Amigos Library Services, Inc.
- Formation: 1974; 52 years ago
- Type: library consortium, non-profit organization
- Focus: Library services
- Location: Dallas, Texas, United States;
- Website: www.amigos.org

= Amigos Library Services =

American not-for-profit organization serving libraries

Amigos Library Services, Inc. is a membership-based American not-for-profit organization chartered to serve libraries. The organization was formed in 1974 in Dallas, Texas, as the AMIGOS Bibliographic Council. It included 22 libraries, united to bring OCLC access to the southwestern United States.
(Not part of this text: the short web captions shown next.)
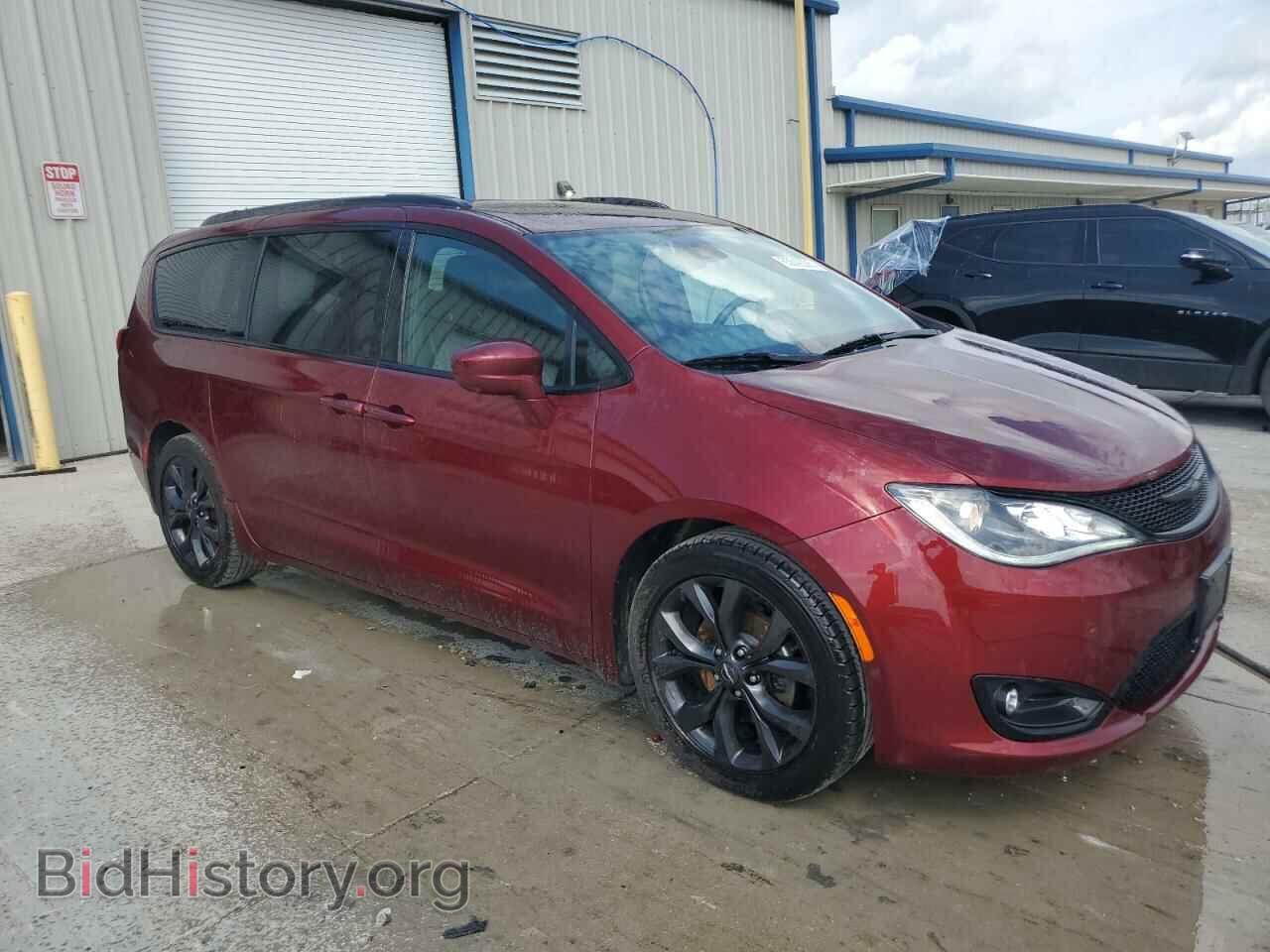 2018 CHRYSLER PACIFICA - VIN: 2C4RC1BG6JR182549 - Фото 4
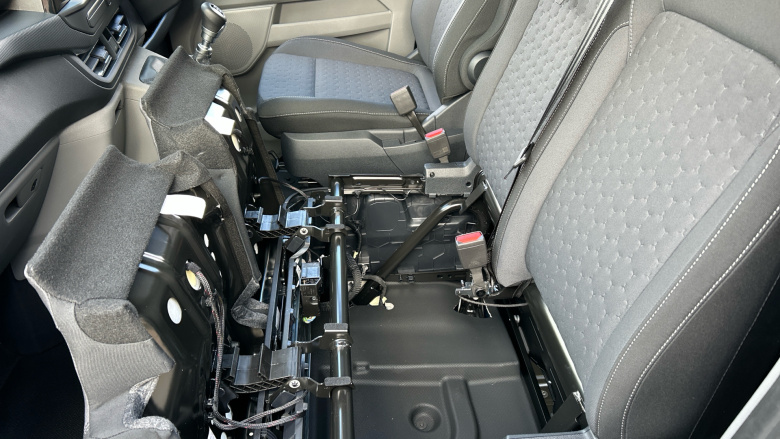 Ford Transit Custom 280 L1 Diesel Fwd 2.0 EcoBlue 136ps H1 Van Limited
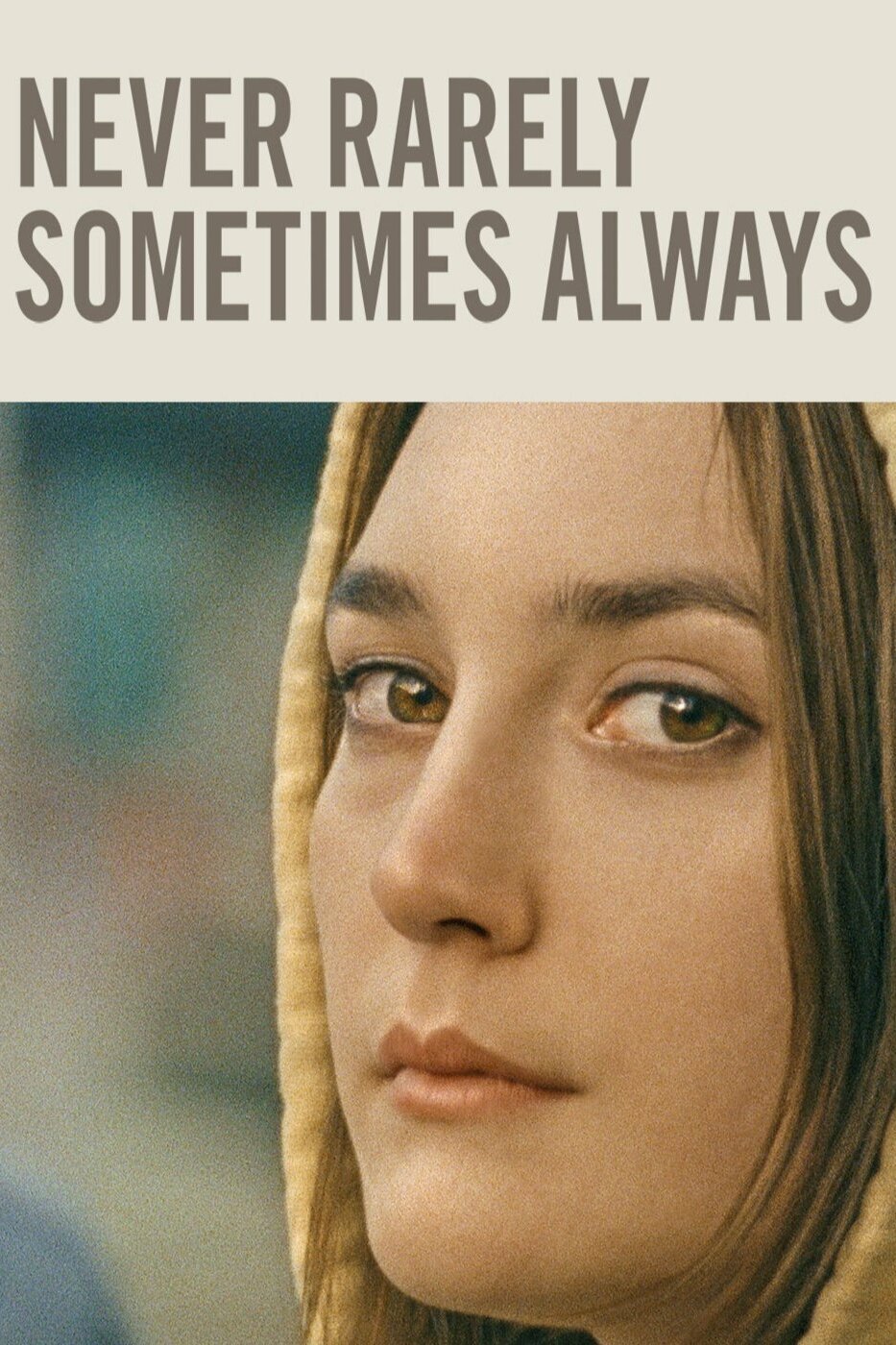 Never Rarely Sometimes Always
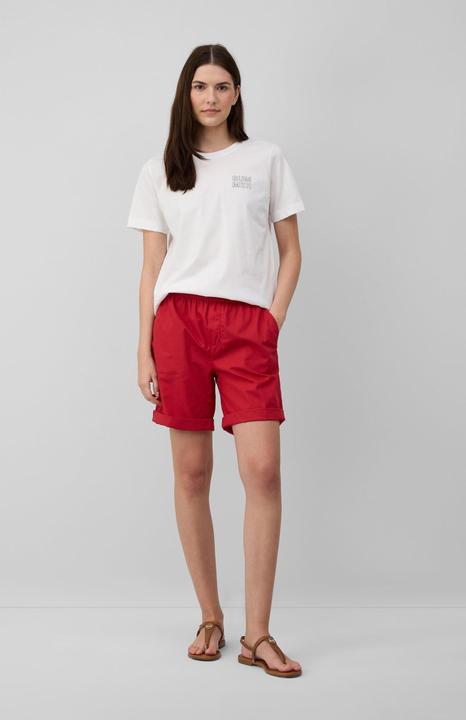 Actual product image S.Oliver T-Shirt T-Shirt mit Front- und Rückenprint (32)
As of September 2021 Amigos is one of the largest library resource-sharing networks and a provider of information technology to libraries.

In July 2012, Amigos merged with Missouri Library Network Corporation (MLNC), an organization similar to Amigos headquartered in St. Louis. The action followed votes to approve the merger in April 2012 by MLNC members and May 2012 by Amigos members.

The combined organization retained the Amigos name with Dallas as its headquarters and an office in the St. Louis area. The new organization became the largest library network west of the Mississippi River, comprising libraries and cultural heritage institutions in 22 states.

Amigos Library Services is similar in scope to other library-oriented consortia such as the Midwest Collaborative for Library Services, OhioNet, and Lyrasis.